US cotton futures continued to move lower Tuesday.  Investors, with several sharp bursts of buying and selling, kept most of the action concentrated at the end of the day.  ICE December fell sharply following a large sell order only to rebound on technical buying.  The market has lost its conviction that the Chinese stockpile situation might be resolved in 2016, but the promise of much tighter supplies (and so higher imports) in the not too distant future means that prices are, in our view, likely to find support around the 65¢ level. 
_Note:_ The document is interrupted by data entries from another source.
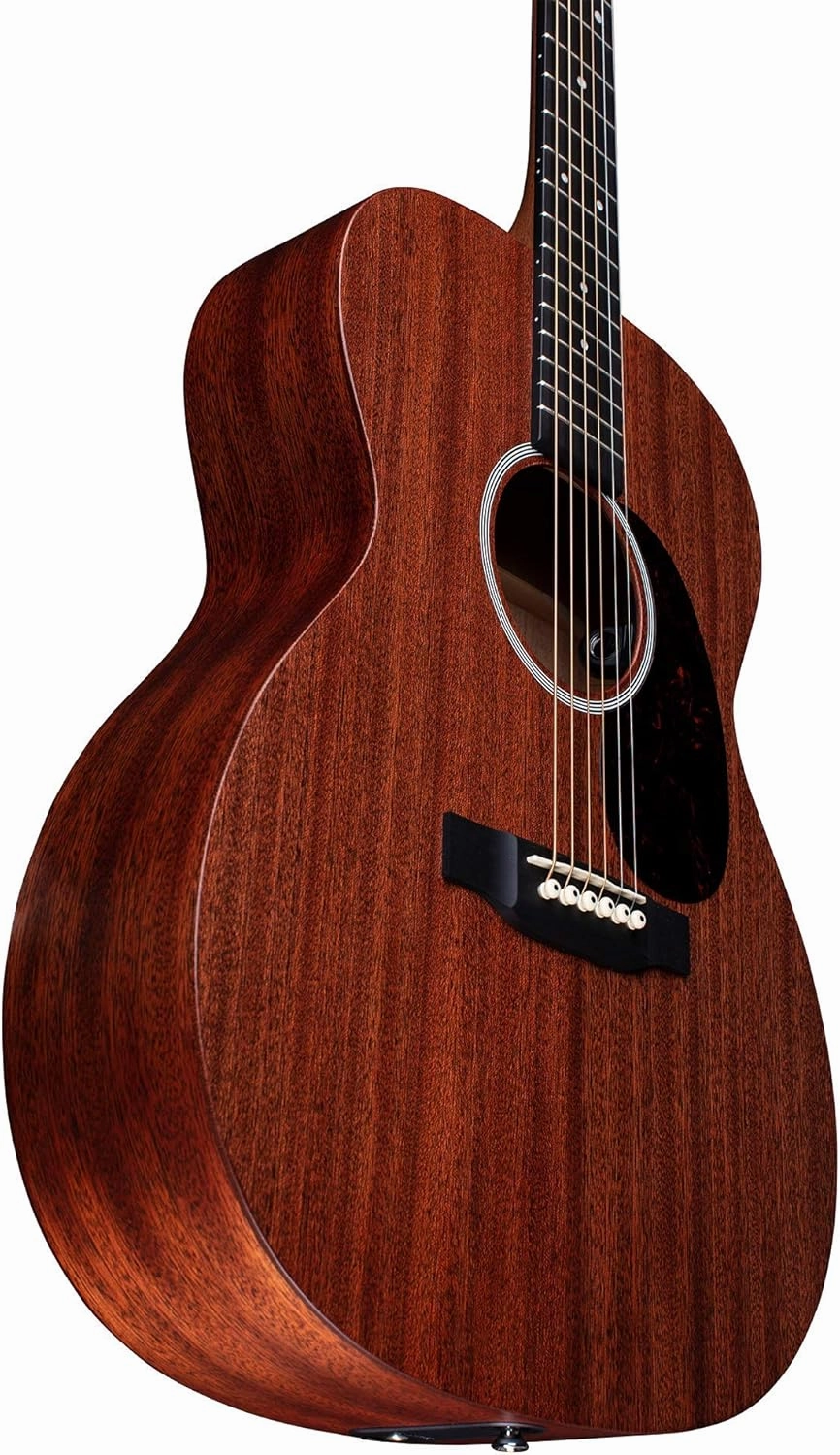 Martin Guitar Road Series 000-10E Acoustic-Electric Guitar with Gig Bag, Sapele Wood Construction, 000-14 Fret and Performing Artist Neck Shape with High-Performance Taper Cherry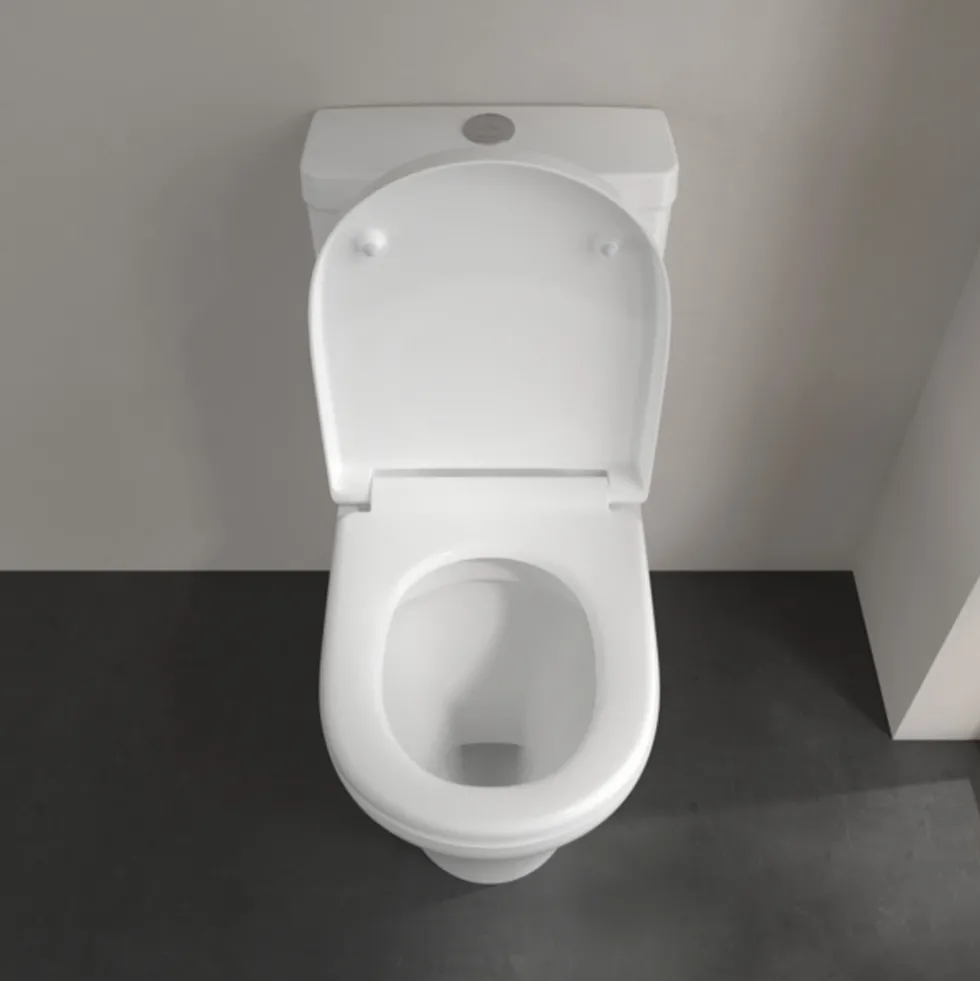 Villeroy & Boch O.novo Comfort Height Rimless Closed Coupled Toilet with Soft Close Toilet Seat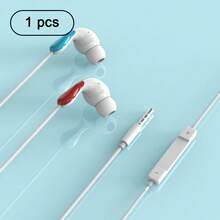 新款入耳式双亮片3.5mm Type-C Lightning通用耳机，适合游戏和通话 - 查看 11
Sugar futures continued to trade dully to leave prices and spreads little changed.  UNICA published south Brazil production data for the first half of August.  The season continues to see more cane allocated to sugar rather than ethanol.  An “auto-pilot” projection of sugar production from here is about 35mmt.  UNICA, among others, are doubtful that will be the case as the sugar yield from the cane is expected to lag seasonal norms.  Sugar yields are set to peak during September and October so this forecast is about to be tested.


NZX WMP futures were mostly unchanged Tuesday.  The market though has opened this morning with an early price lift.